A boa notícia é que medidas simples podem atenuar os efeitos da quarentena e a ameaça do surgimento de doenças psíquicas. Estabelecer uma rotina é fundamental para que as pessoas consigam se organizar emocionalmente. Recomenda-se assistir a filmes de entretenimento não agressivos, ler e realizar trabalhos terapêuticos e manuais, como crochê, por exemplo. “É importante que as pessoas percebam que dominam sua vida e seu tempo, e que estão fazendo escolhas. É possível ser autor da própria história, mesmo dentro de casa”, diz Dora.

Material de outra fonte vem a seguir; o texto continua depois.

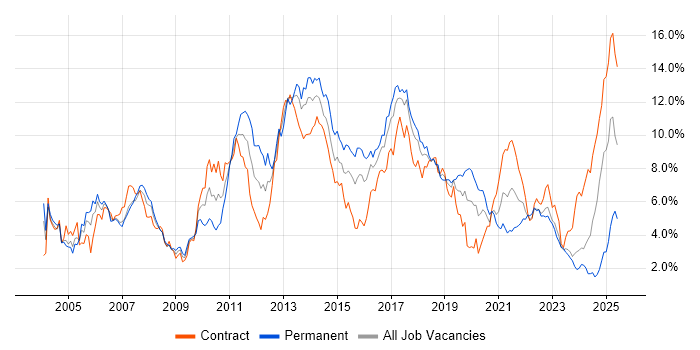 Job vacancy trend for Java Developer in Glasgow Job vacancy trend for Java Developer in Glasgow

Além disso, especialistas dizem que esta é uma oportunidade para as pessoas se voltarem para si próprias e seus verdadeiros valores. “Colocar em evidência a empatia e o amor ao próximo causa uma sensação de bem-estar conectada ao todo e ao bem comum. A parte que eu alimentar é a que vai crescer em mim”, explica Dora. Integrante do grupo de dependências tecnológicas do Hospital das Clínicas, ela alerta para a importância de limitar o uso de ferramentas online nesse momento. Mandar mensagens para as pessoas e fazer videoconferências, por exemplo, despertam o sentimento “de pertencimento coletivo e atenuam o estresse”.

O apoio psicoterapêutico também é fundamental e diversas iniciativas gratuitas estão surgindo para atender pessoas por telefone e por videoconferência. Exercícios físicos também estão sendo disponibilizados online, por diferentes especialistas. Essa parafernália eletrônica está funcionando bem para controlar a ansiedade da professora Fernanda Antunes, de uma escola pública de São José dos Campos. Diagnosticada com síndrome do pânico, a doença está sob controle por conta do uso correto de medicamentos, bem como a realização de meditação, como terapia alternativa. Há uma semana sem sair de casa por conta dos pais idosos, ela recorre a aplicativos para manter o equilíbrio e evitar crises neste momento crítico. “Quando vejo que a situação está ficando feia, recorro a alternativas que me deixam melhor. Fiz uma meditação holística em casa, comecei uma novena e à noite rezo o terço”, diz ela, que não vê a hora de voltar ao trabalho presencial. “Além disso, tenho feito exercício físico e pretendo manter o tratamento médico online. Tento não pensar no que pode acontecer no futuro para não enlouquecer”, diz Fernanda.